▸ Work request
Write out each line of the material exactly as given, and drop the images.

▸ Given information
* * * * * * *

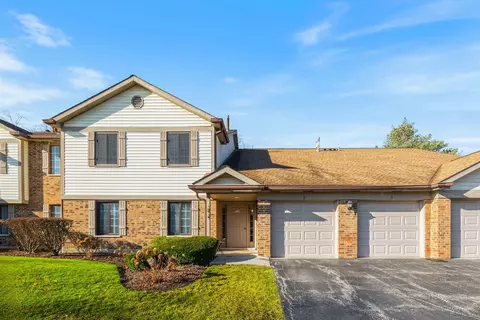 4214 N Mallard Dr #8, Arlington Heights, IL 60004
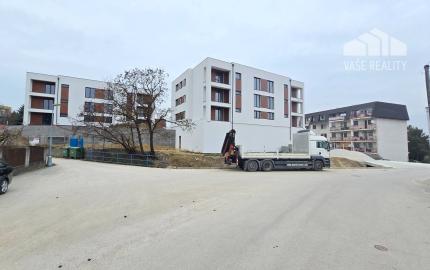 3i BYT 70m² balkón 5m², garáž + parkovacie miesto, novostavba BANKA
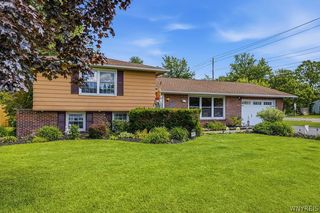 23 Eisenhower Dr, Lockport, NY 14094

* * * * * * *

▸ Response to this exercise
 4214 N Mallard Dr #8, Arlington Heights, IL 60004
 3i BYT 70m² balkón 5m², garáž + parkovacie miesto, novostavba BANKA
 23 Eisenhower Dr, Lockport, NY 14094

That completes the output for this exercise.